Odile, one of the main characters in Chicago author JoeMeno’s new novel Office Girl, is the type of free-spirited, quirky, twenty-something female character people might be familiar with from movies such as Garden State, Eternal Sunshine of the Spotless Mind, and 500 Days of Summer. As quirky if not quirkier than the female leads in those movies, Odile rides around Chicago on her bicycle even though it is winter. An art school dropout, she uses a silver marker to draw on—or deface, depending on your view— various signs and advertisements around the city. She also goes to art gallery openings mostly to express her distaste for the work on display. And, like the female leads in the aforementioned movies, she is beautiful.

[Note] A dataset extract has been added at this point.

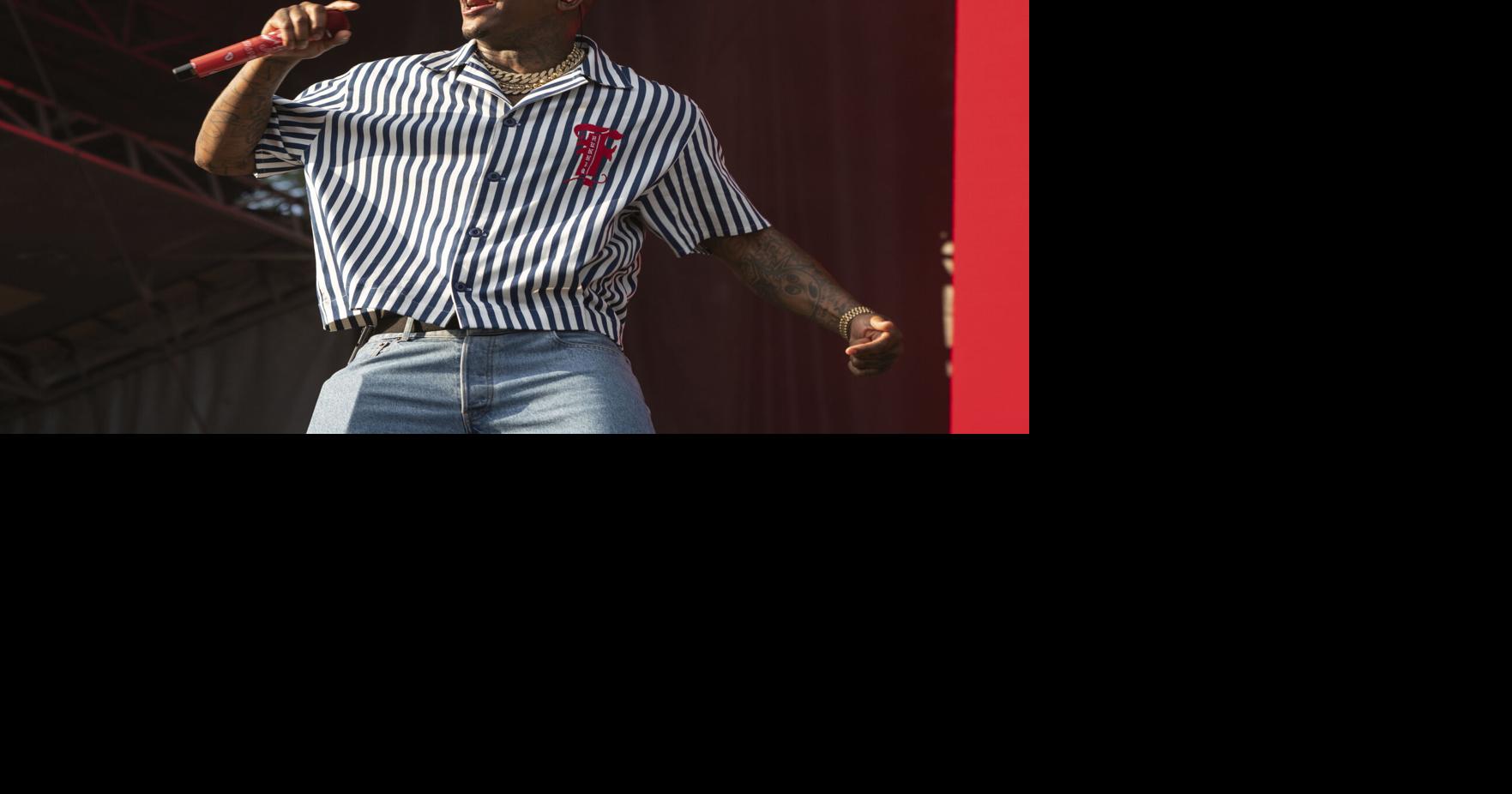 Best debut rap projects of the past decade | Blog | Lifestyle ...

The other main character in the book, Jack, also rides his bike around the city regardless of the season. Where Odile scribbles on signs, he rides around with a tape recorder. Sometimes he tapes actual sounds of the city, sometimes he turns on the tape player to record odd, and often silent, things such as a pink balloon rising up into the sky. He is a few years older than Odile and has recently split up with his wife. He is still reeling from this blow when Odile crosses paths with him.

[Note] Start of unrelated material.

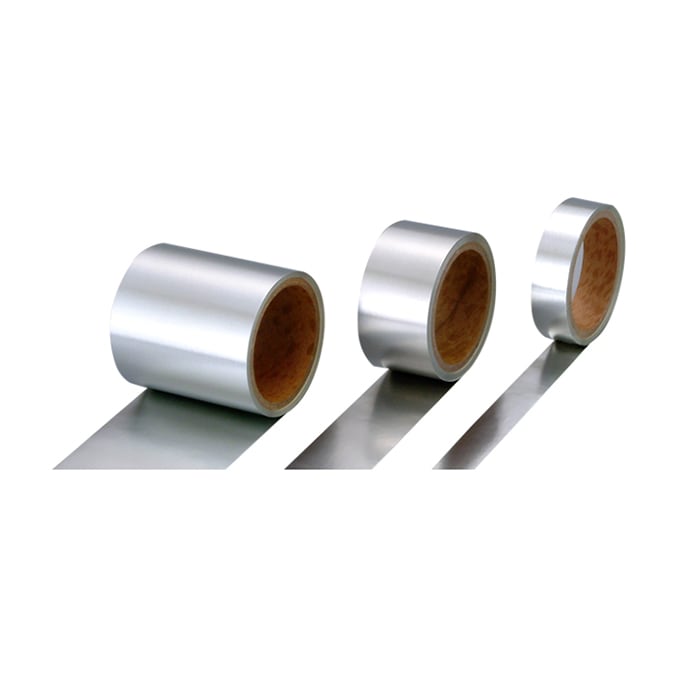 ZAPテープ 0.1mm×25mm×20m 4巻セット ZAP25 貼る亜鉛めっき 三井住友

Once the two cross paths while they are both working at an elevator music company called Muzak Situations, Office Girl could easily become a Wes Anderson movie on steroids. However, Meno makes the wise decision to fully develop both characters. The third section of the novel, simply titled “Odile and Jack,” is more from Jack’s point of view. He is entranced by Odile and follows her around hoping they might have some sort of relationship. He assists her with an art movement she has been planning for some time. This movement does not consist of them painting or sculpting. Instead, it revolves around them doing odd things in public like reenacting a scene from Jaws on the L or dressing up as ghosts on a crowded city bus. This is not a movement that will rival the surrealists as much as it is Odile’s effort to do something creative that will wake people up. The book also includes renderings of some of Odile’s drawings and pictures of scenes referred to in the book. This gives it the random feel of a zine and helps to further establish the feeling of the late nineties in which the book is set, a time when Facebook and Twitter did not exist.
Office Girl can’t be considered an action packed novel, but it is obvious from the get go that huge revelations and shocking plot twists were not Meno’s goals here. Despite the low key vibe, I did care about what became of Odile and Jack’s relationship as well as the struggles both of them went through in balancing rapidly approaching adult responsibilities with the freedom of youth.